Bergarot stirred. “I believe you,” he said. “It makes perfect sense to me. You know where the gold is because you didn’t take it. Fine. Now share the information with the rest of us.”

“Let us construct a syllogism,” Moriarty said. “Not one of Lewis Carroll’s sort, but a more complex structure.”

“Ever the professor of mathematics, eh, Moriarty?” commented Holmes.

“Perhaps,” replied the professor of mathematics. “First premise: We are faced with a seemingly impossible crime; the gold could not have been removed from the vault while it was locked and under guard, and in any case it could not have all been removed in the space of one night.”

“That’s true enough,” grumbled Inspector Lestrade.

“Second premise: The gold was there yesterday.”

“It was seen to be,” Bergarot affirmed.

“Third premise: It is now gone; the vault is empty.”

“Except for a few cinders, essentially so,” Holmes agreed.

“Now we must reach for the conclusion. In doing so we will keep in mind the axiom that when the impossible is removed, whatever remains, however improbable, must be the truth.”

Holmes glared at Moriarty. “I believe I have said something of the sort myself upon occasion.”

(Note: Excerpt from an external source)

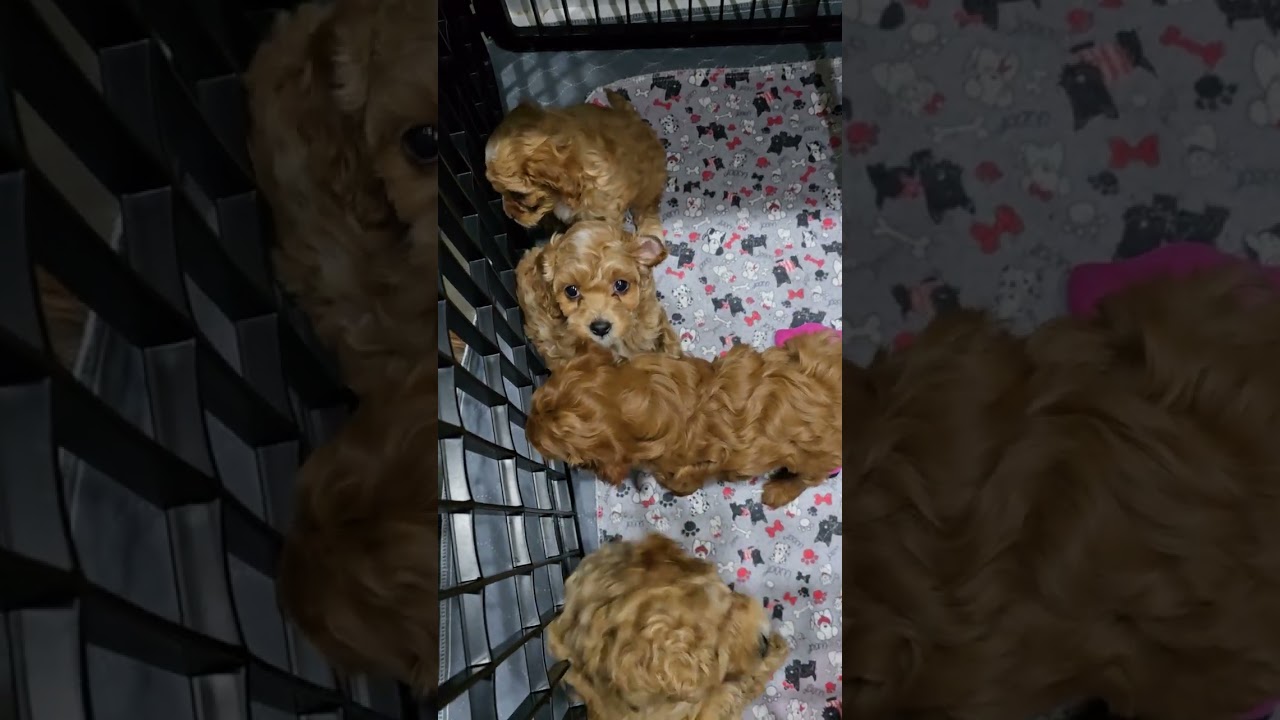 Sally's 2ns litter 6.5 week update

“Yes,” Moriarty agreed. “So, conclusion: Since the gold could not have been removed from the vault last night, it
was
not removed from the vault last night.”

Moriarty’s declaration had a powerful effect on his listeners. Director Bergarot’s mouth opened mutely. The lines in Holmes’s face hardened; he disliked being made sport of. Lestrade guffawed. “You’re not saying we’ve all been mesmerized, are you, Professor? The gold bars are still there, but we can’t see them? Like one of those fantastical Professor Challenger stories from
The Strand Magazine
?”

“You have the horse in view, but you’ve placed him behind the cart, Inspector.” Moriarty made a twisting motion with his hands. “Reverse that thought.”

Holmes’s face suddenly twisted in a spasm of thought, and then relaxed, and he slapped his hand down on the table in front of him. “Of course! It’s obvious!” he said. But then his eyes narrowed and he thrust a bony crooked first finger up in warning: “But that still doesn’t prove that you had nothing to do with it.”

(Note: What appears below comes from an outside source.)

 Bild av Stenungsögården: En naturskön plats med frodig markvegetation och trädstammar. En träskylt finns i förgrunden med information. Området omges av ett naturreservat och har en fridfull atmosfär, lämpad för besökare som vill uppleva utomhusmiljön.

“If I did, why would I be telling you about it?” asked Moriarty.

“A clever ruse,” said Holmes.

“Enabling you to retrieve the gold,” expanded Moriarty.

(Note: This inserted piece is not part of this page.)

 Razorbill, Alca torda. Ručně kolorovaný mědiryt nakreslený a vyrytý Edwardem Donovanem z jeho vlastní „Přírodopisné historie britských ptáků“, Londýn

“True,” Holmes said. “True.”

“What are you two talking about?” demanded Inspector Lestrade. “It isn’t obvious to me. Where is the gold, if you suddenly know, and how did it get there?”

“It couldn’t have been removed last night,” Holmes said, “so it wasn’t removed last night. It was removed earlier.”

“Probably much earlier,” Moriarty agreed. “And over a period of time.”

“But,” objected Margaret, “everyone saw it there. Dozens of people must have walked by that vault room every day, and the gold was there.”

“Was it?” Moriarty asked. “What did they see?”

“Gold bars,” Margaret said. “Stacks of them—in wooden boxes. I saw them myself. Didn’t I?”

“It looked like gold, certainly. In a sense it was gold. What you saw was a
trompe-l’oeil.
” Moriarty told her. “A cleverly done painting to fool the eye. The gold you saw was gold leaf.”

She thought it over. “Well, if so, it certainly fooled my eyes.”

Holmes got up and, with a slow, measured step, began walking around the table, his gaze toward some unseen distant horizon. “Our view was limited,” he said thoughtfully. “No chance for much perspective.” He continued walking, his forefinger pressed to his nose.